The email, sent by Residential Life Interim Director Pamela Schipani and First Year Programs & Learning Communities Executive Director David Ouimette, said their two offices had agreed they “will no longer be offering (a) cluster living option.” This spells the end of the music community in 2014 and a second cluster in 2015, which Schipani would not name because the students have not been informed yet.

“Although students have generally enjoyed living in these communities, including the one for music majors, they do not truly meet the definition of a Living Learning community,” the email stated.

“There are not academic requirements or direct tie in with either the Residential Life professional staff or the professional staff in First Year Programs and Learning communities.”

The decision has been met with confusion and frustration from some of the students living in the community.

“The students that I have talked to are upset for a couple of reasons, the first being the fact that ResLife did not give them very much notice,” said former music community resident assistant Kelly White. “And the second (is) that ResLife is also not allowing current members of the community to stay in their rooms for next year.”

Many of the students currently living in the music community were planning on staying there through the next academic year, according to White, and now have to make new housing arrangements.

White said the dissolution of the community comes at the expense of the music students living there, who directly benefit from proximity to each other.

“The students in the community interact often, going from room to room to visit or ask for help with homework,” White said. “Often before large tests in music theory or music history, study groups can be found in common rooms and lounges.”

White added that the benefits of the community extend beyond academics, even to handling issues of “life in general.” Additionally, the music community’s location in Rosebrooks Hall is also significant, as it keeps students close to the Fine Arts Complex, where many of their classes are held.

Perhaps the most disconcerting aspect, according to White, is Residential Life’s decision not to allow the music community to make changes to their structure immediately so they can continue to exist.

“As far as the dissolution of the community goes,” White said, “many members have expressed anger at not being given a chance to change the community to meet the (learning community) standards.”

However, Residential Life has not closed the door on the music community completely.

“Residential Life works with First Year Programs and Learning Community staff to evaluate new (Living and Learning Community) proposals,” Schipani said. “Should a proposal be put forward from the music department it will be evaluated.”

Even temporarily losing this community could take a toll on the music program, though.
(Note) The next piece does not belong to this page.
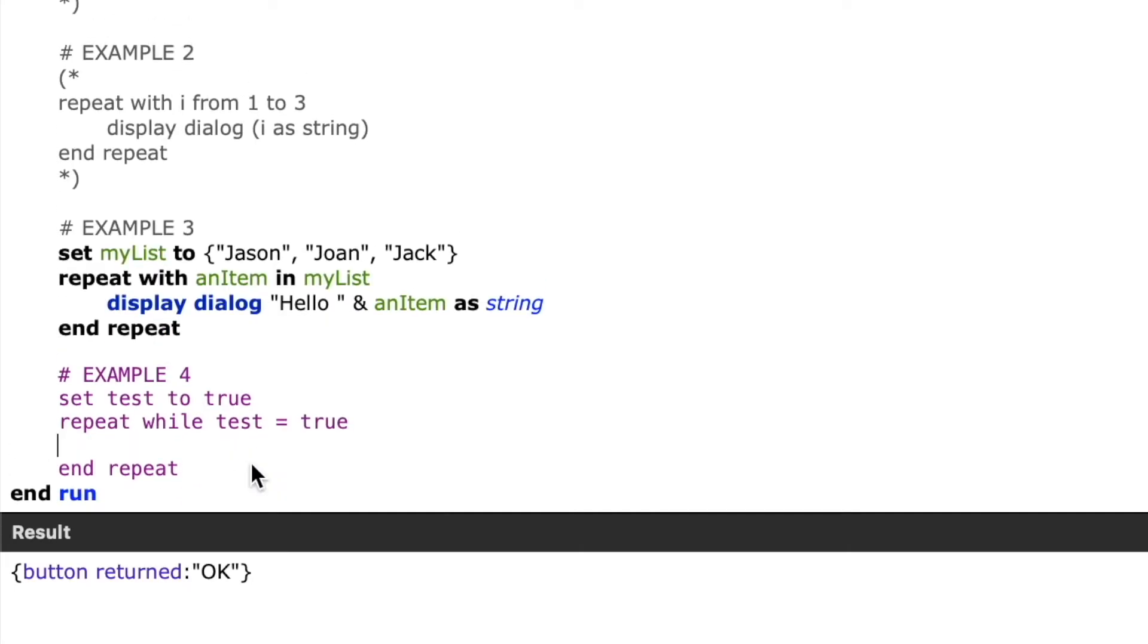So we'll say set test to true, and then inside the repeat loop, we'll go ahead and write additional statements to change our value of test to false. That way we can cause the repeat to exit at some point.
The residences in the community have become something students look forward to once they reach their sophomore years, White said.

“Although some music students choose not to live in the community, many see it as an opportunity to grow closer to and better know their peers,” White said. “Freshman music students who lived in dorm areas far away freshman year, such as Northwest and Towers, often look forward to the promise of the community, knowing that they will finally be around their friends and people who understand their hectic schedule.”

White added she could think of five people who dropped the music major after deciding not to live in the community, suggesting that the proximity encourages the students in the major to remain in the major.

Learning communities on campus trace their roots to the 1980s, where a technology community in Northwest and a foreign language community in West were formed, according to Schipani.

When the South Residential Halls were opened in 1998, the university created “cluster housing” to allow people in the same major to live together, Schipani said. The Music Learning Community was one of those clusters.

According to White, the launch of the new learning community system in 2008 resulted in the Music Learning Community being “lumped” with the new learning communities – communities that included academic requirements for participation. Despite this, the Music Learning Community never incorporated academic requirements, as it was not required to, nor did it change its policy of only housing sophomores through seniors.